One of my favorite quotes is by Pablo Picasso and uses the first conditional in a way that’s clear and repetitive, which helps reinforce the structure:

My mother said to me, “If you are a soldier, you will become a general. If you are a monk, you will become the Pope.” Instead, I was a painter, and became Picasso.


Have students work in pairs or groups of three. Give a quote to one student, who has to tell it to the second student. The second student then has to run across the room and tell the quote to the third student, who writes it down piece by piece. You can also have them do a dictation back-to-back or, if you’re daring and feel like riding a wave of barely-controlled chaos, have them say/shout the quote across the room to their partners.

A good example here is a quote by Sidonie Gabrielle Colette, which is partially fun just because her name is challenging to spell:

What a wonderful life I’ve had! I only wish I’d realized it sooner.

Completing quotes

Perhaps you remember the game Mad Libs. In that game, you had a story with multiple blanks, and you only knew what part of speech was missing (e.g., you’d need to say an adverb, and the person taking notes would write the adverb you said into the story). The result was often bizarre or nearly incomprehensible, but every now and then, it was hilarious.

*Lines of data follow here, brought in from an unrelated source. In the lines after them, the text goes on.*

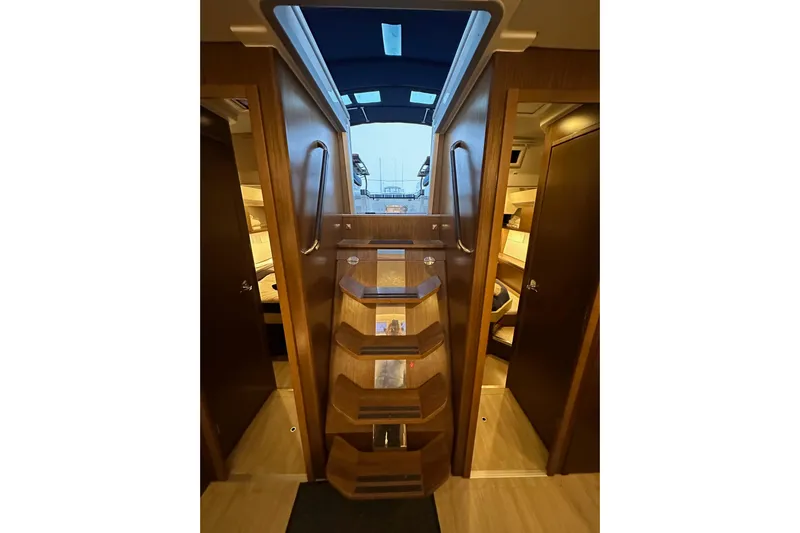 Pain Killer Yacht Photos Pics Interior view of 2020 Bavaria C50 yacht, featuring wooden stairs and cabin access.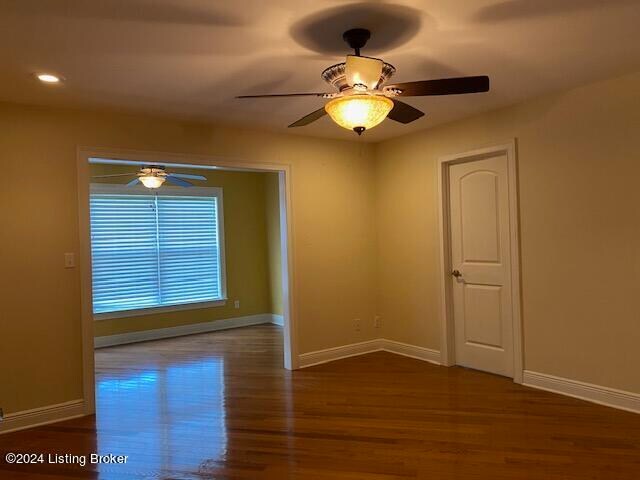 empty room featuring dark hardwood / wood-style floors and ceiling fan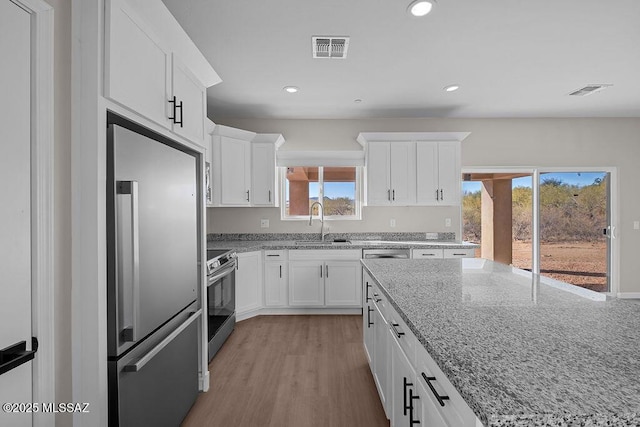 kitchen with sink, stainless steel appliances, light stone counters, light hardwood / wood-style flooring, and white cabinets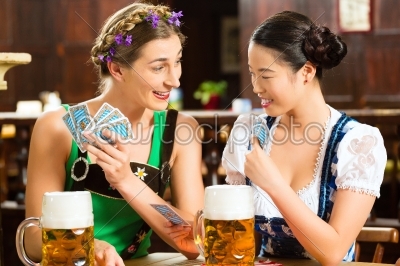 friends drinking beer in Bavarian pub playing cards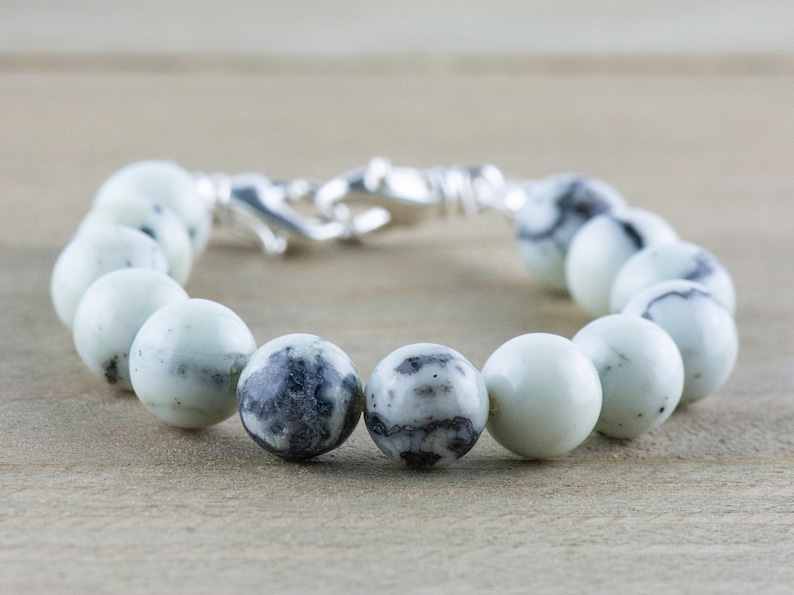 Peut inclure: Un bracelet en perles de pierre tachet&eacute;es de blanc et de noir avec un fermoir argent&eacute;.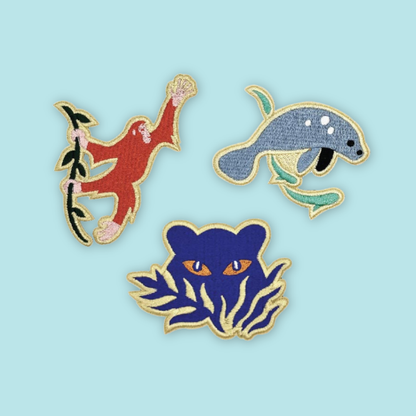 Three colorful animal-themed pins on a light Mandai Wildlife Reserve
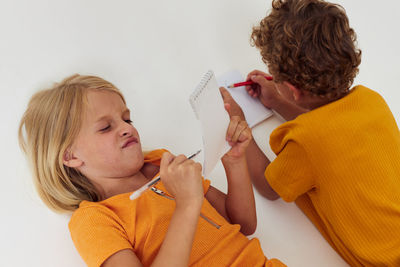 Sibling writing in notepad on white background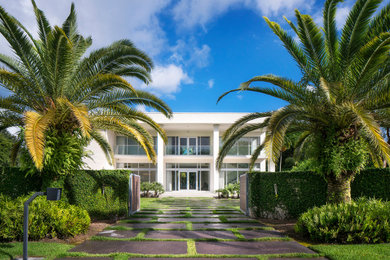 Large modern white two-story concrete exterior home idea in Miami with a green roof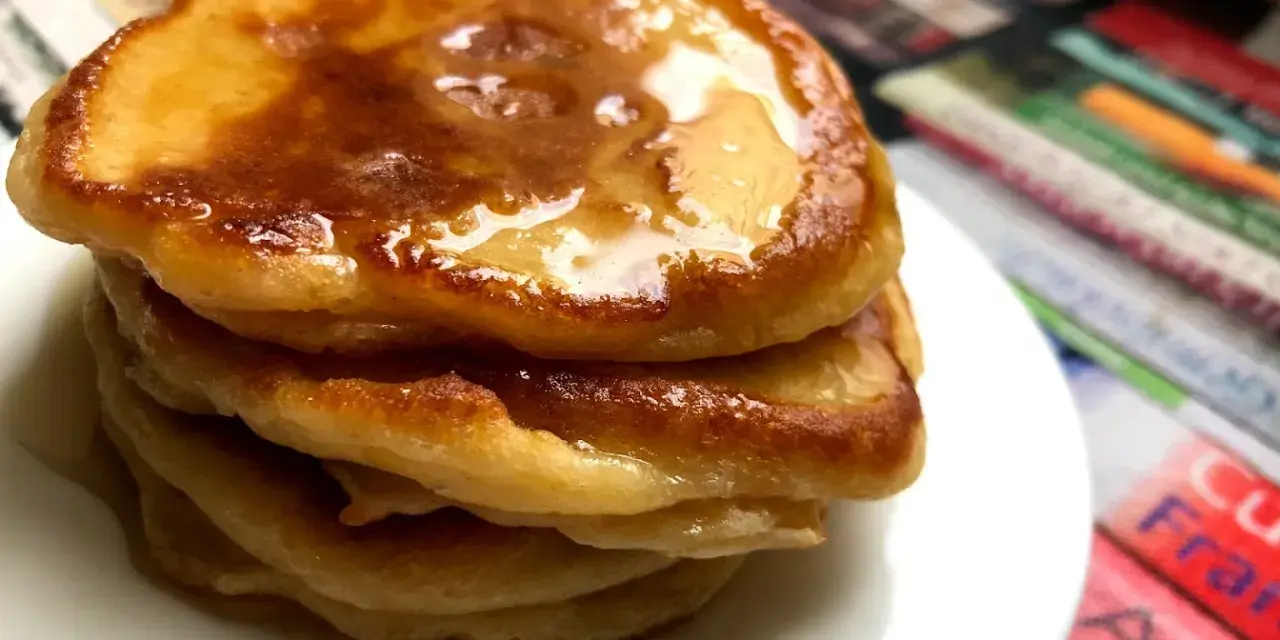 Ein Stapel goldbrauner Pancakes mit Kefir, beträufelt mit Honig, auf einem weißen Teller.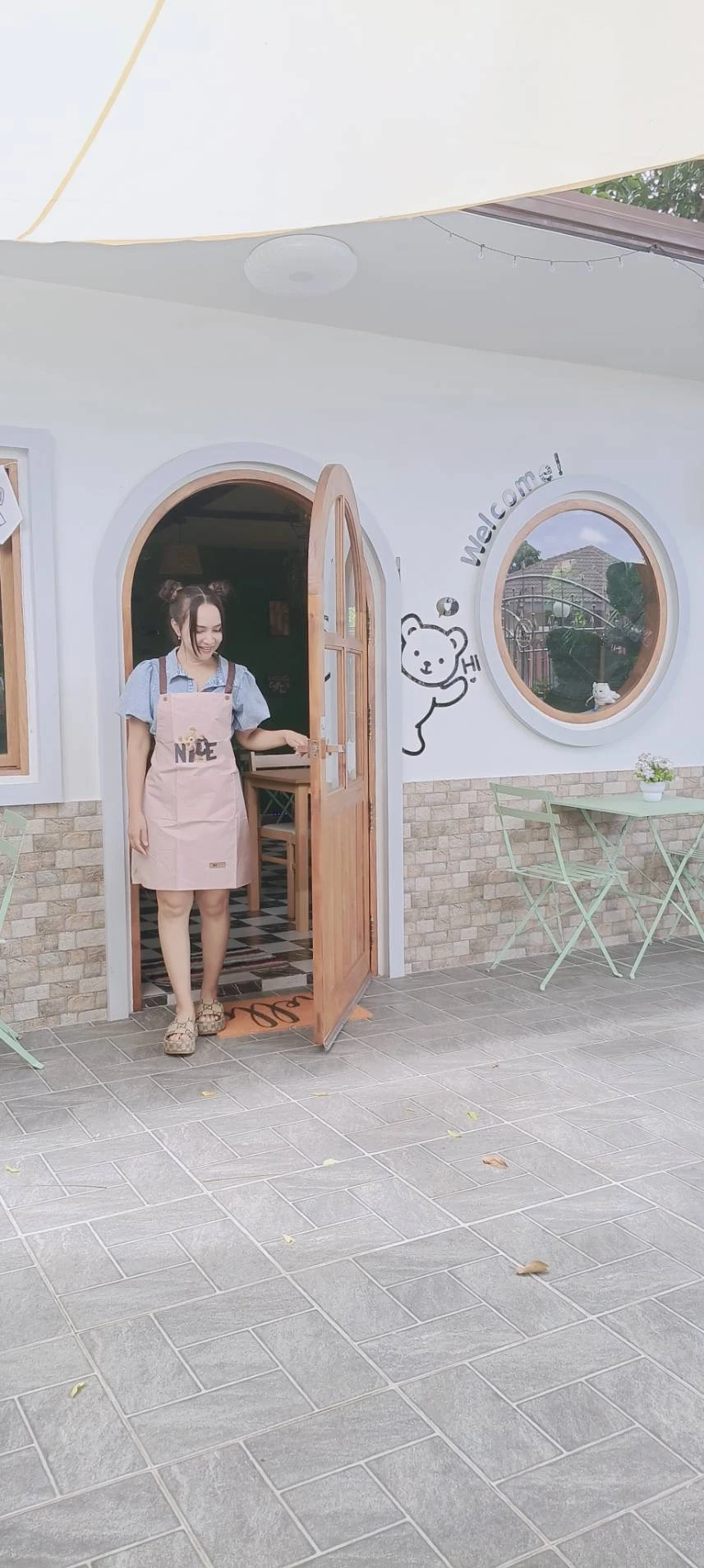 Piyarot welcoming guests at the entrance of PIYA Café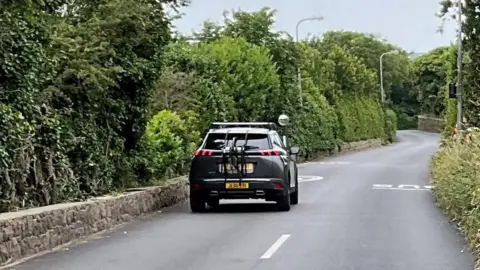 Route de Noirmont. A narrow road with trees and bushes either side. The picture shows the white lines running along the road until they stop and don't go any further. 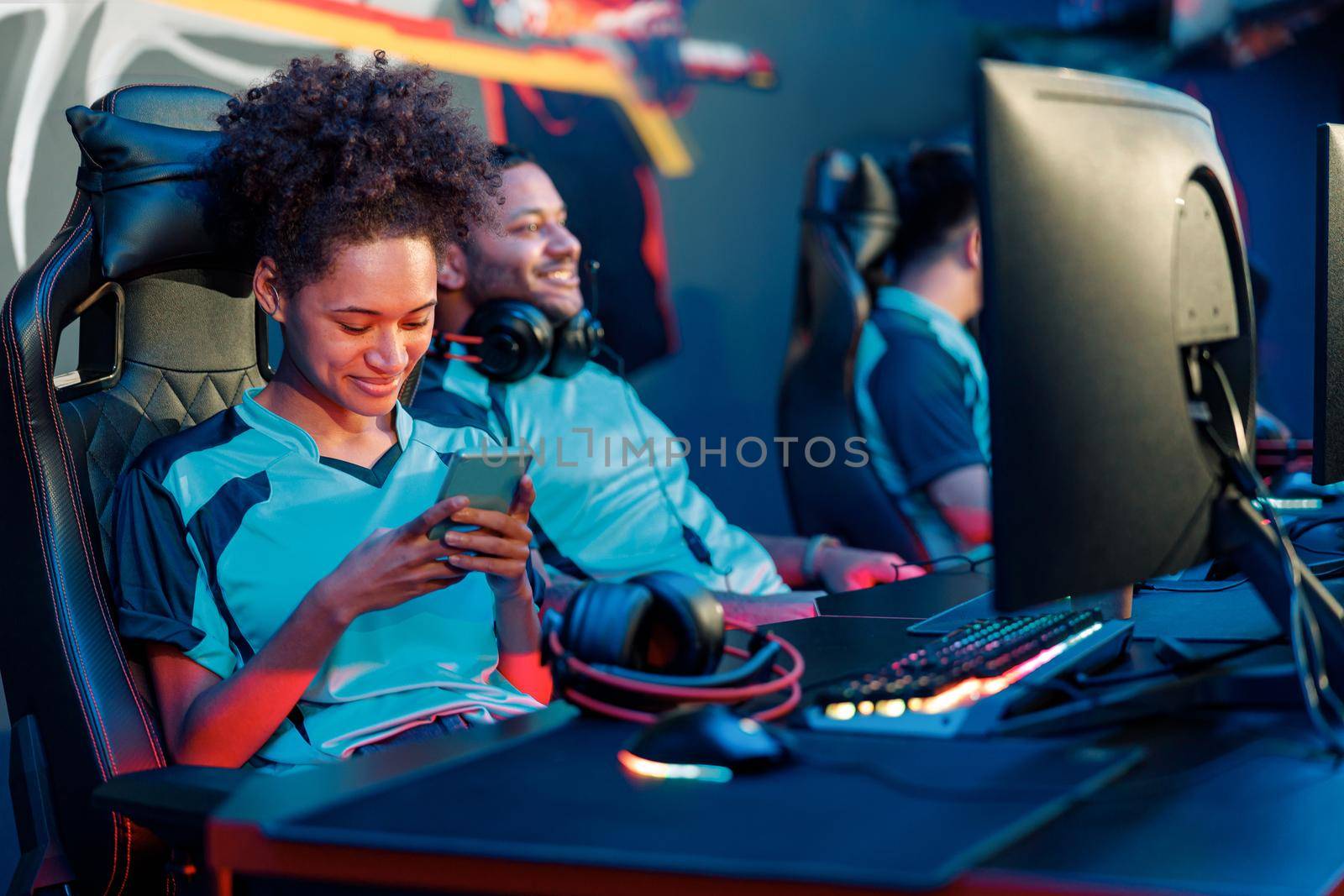 African female cybersport gamer have live stream and playing game on smart phone in gaming club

How about an example? Here is a longer quote that you can convert for this game, but really any quote can work. I’ll give you one that you can try right now.

OK, I’ll need:

  • (1): An action in a daily routine.
  • (2), (5), (8), (11) and (14): Five sensations/emotions.
  • (3), (4), (6), (7), (9), (10) and (12): Seven body parts.
  • (13): A gerund (-ing) action verb.
  • (15): A person.

Now, plug them into the following quote:

If I could have just one wish, I would wish to (1) every day to the (2) of your (3) on my (4), the (5) of your (6) on my (7), the (8) of your (9) on my (10), and the (11) of your (12) (13) with mine…knowing that I could never find that (14) with anyone other than (15). 

– Courtney Kuchta

If you want to use that quote, the original is:

If I could have just one wish, I would wish to wake up every day to the sound of your breath on my neck, the warmth of your lips on my cheek, the touch of your fingers on my skin, and the feel of your heart beating with mine…knowing that I could never find that feeling with anyone other than you.

If You’ve Made It This Far, You Will Probably Be OK

As you can probably tell, I really get into conditionals. If you still think you don’t like them or let out that old familiar groan when you have to teach them to your students, I understand.

I used to be in your shoes. And I don’t imagine that this article will replace the mutterings of “Ugh, Grammar” with “Yeah, Grammar!”

But I do hope that it will be useful and help you with your lesson plans.

And remember: If you make it fun and interesting for your students, it will be fun and interesting for you, too!